I was wondering if there's any option to create sort of a time capsule in a Word document, i.e. not encrypted by password rather than a date. Let's say I send the document today but the receiving side can open the document only the next month on a specific date.
I know no feature like this built into any word processor. And, despite work on so-called time-capsule cryptography, we know no practical[*] way to implement one without relying on trusted hardware or trusted third party.
To achieve this, we can use the help of a trusted third party/server. It can generate and publish public keys for which it will publicly release the private keys at a set date. The sender enciphers the message with the public key selected per the desired release date. The receiver can't decipher until that date. To do so, s/he must get online, get the private key (now published) from the third party, then decipher.
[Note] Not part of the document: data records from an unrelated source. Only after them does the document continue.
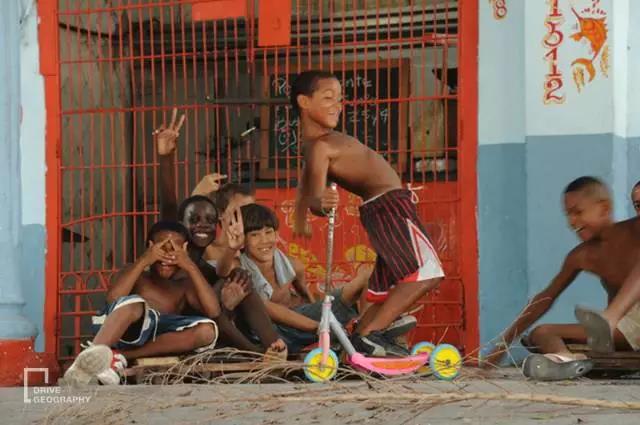 她单枪匹马从杭州出发，开着开着到了非洲腹地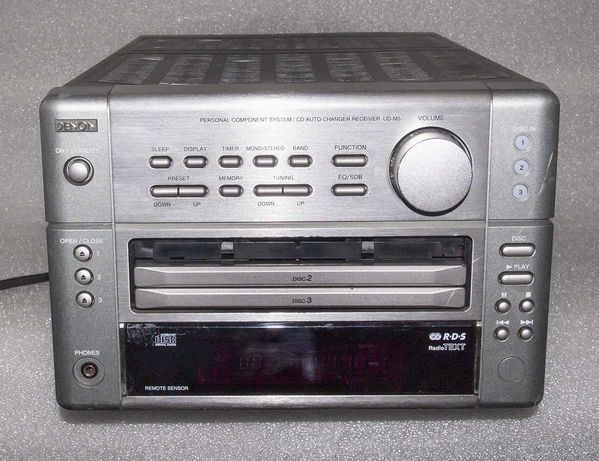 Denon UD-M5 - CD ресивер FM/AM cтерео усилитель 2х 30 Вт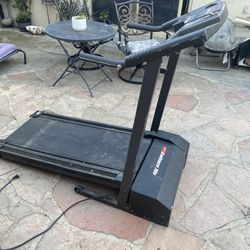 Treadmill Weslo Cadence 70e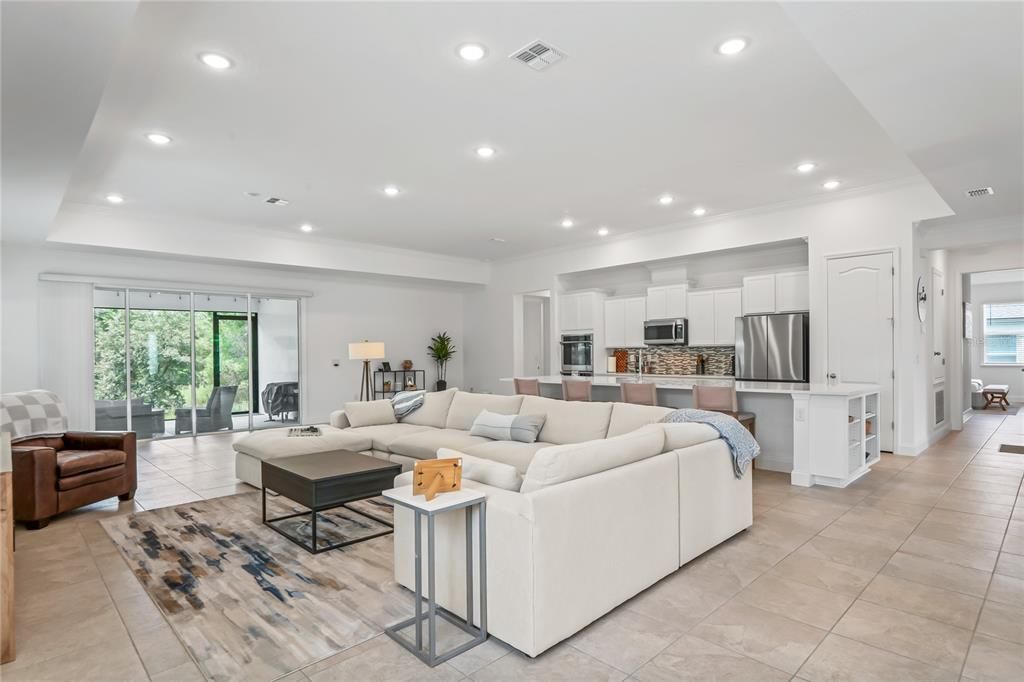 En Venta: $515,000 (4 camas, 3 baños, 3030 Pies cuadrados)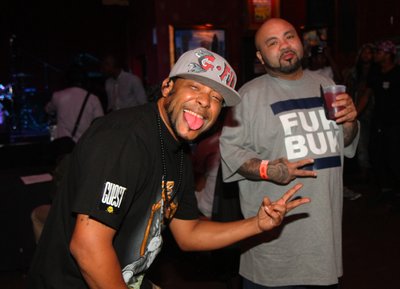 Buk & Smash photo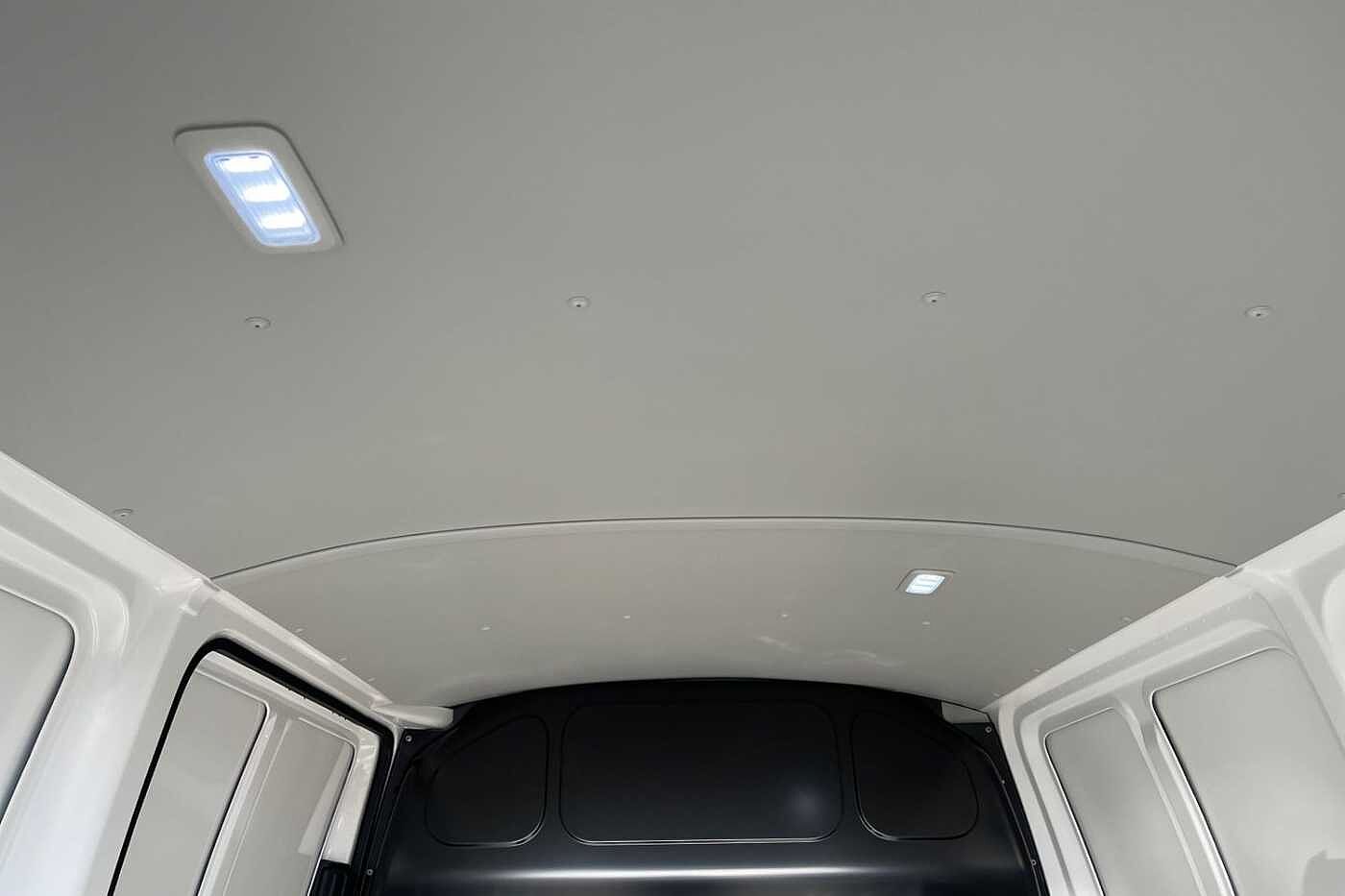 Volkswagen Transporter T32 Highline SWB 150PS DSG 4 Motion - LED's/Nav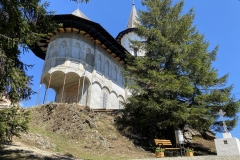 Manastirea Piatra Fantanele 09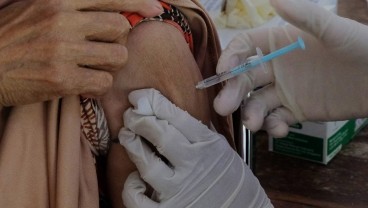 Travel Umroh Galau Berharap Vaksin Meningitis Segera Tersedia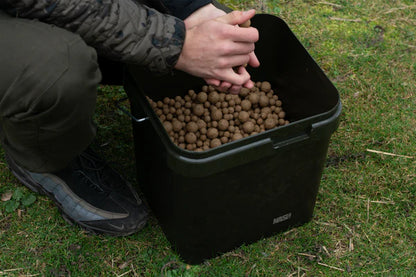 Spot On Rectangular Bucket Camo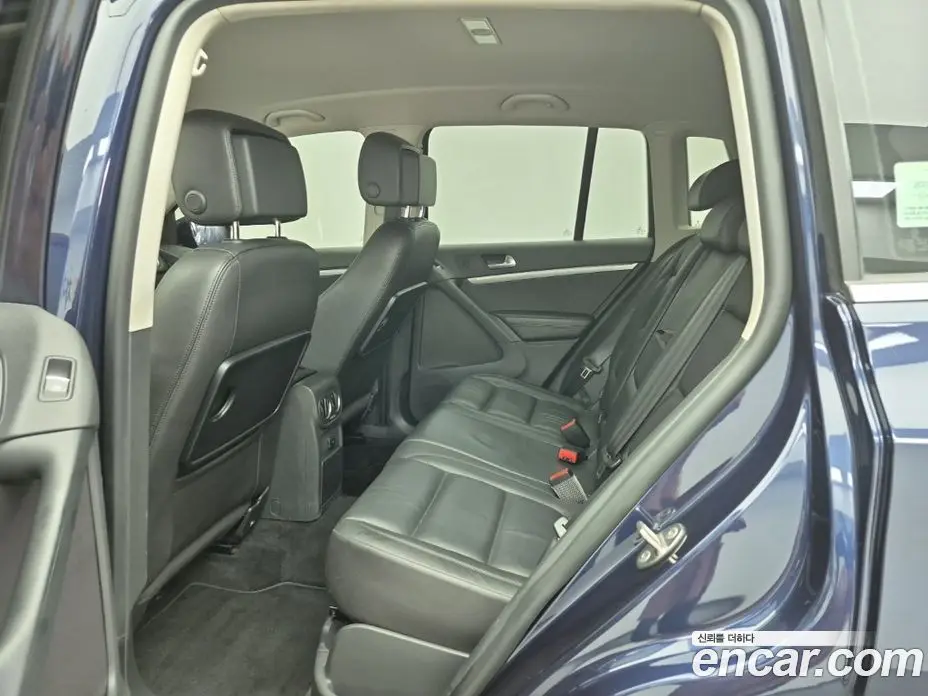 Volkswagen Tiguan 2015 2.0 автомат (гидро), фото 11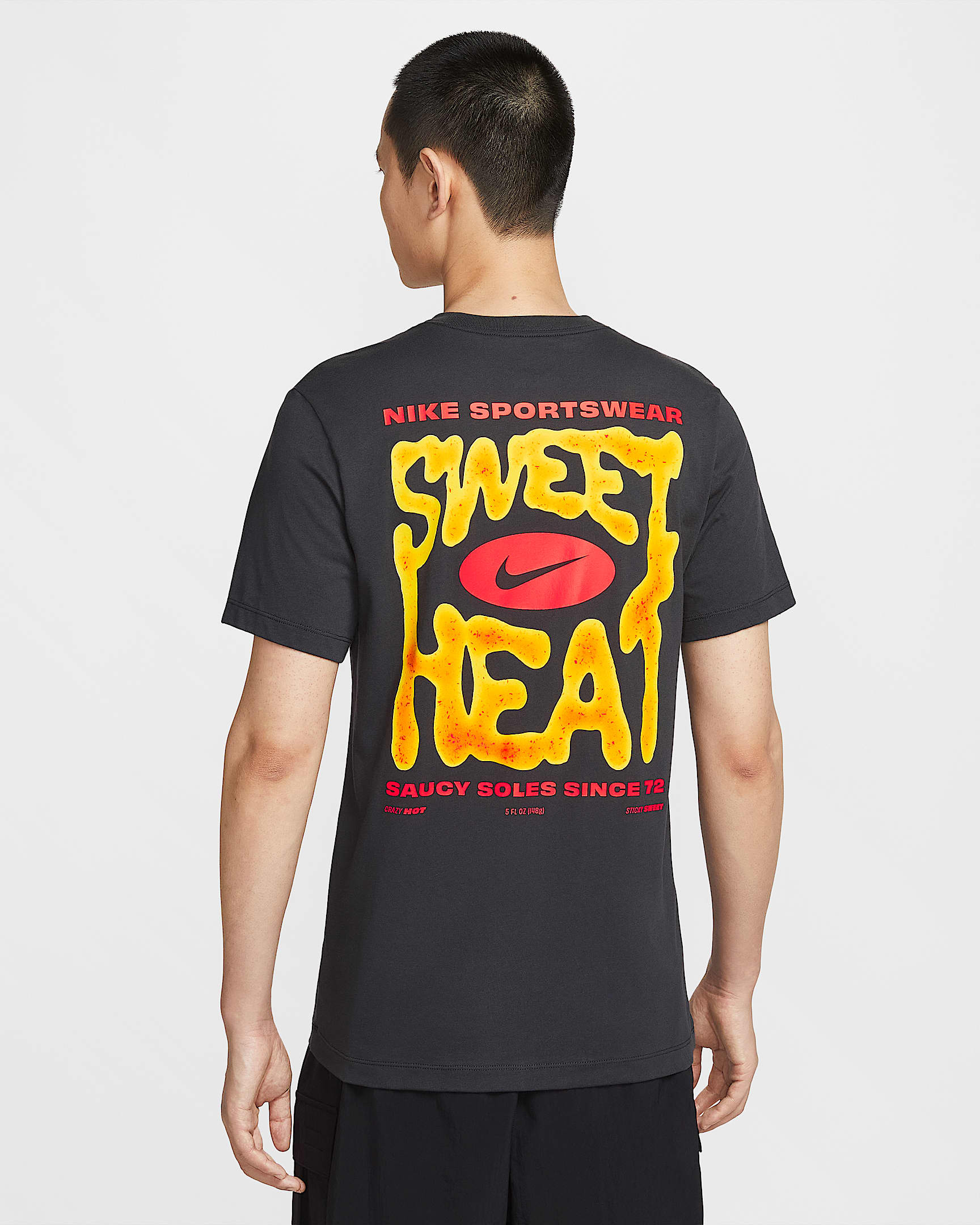 Nike Sportswear 男子T恤 - 灰黑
[*] Problems with proposed time-capsule cryptography systems requiring no trusted external hardware/party are that their delay of release is too imprecise, and they would be prohibitively costly. They achieve timed release by requiring sequential iteration of a certain computation, assumed to require at least a certain time $T_0$. To obtain a delay $T$, the receiver is forced to perform $t=T/T_0$ operations, at full rate, during the whole timed release. But $T_0$ varies a lot with the technology, and the fasted high-speed logic is prohibitively expensive. That used to be GaAs, now perhaps InP, or is it unobtainium-on-diaphire immersed is liquid nitronium.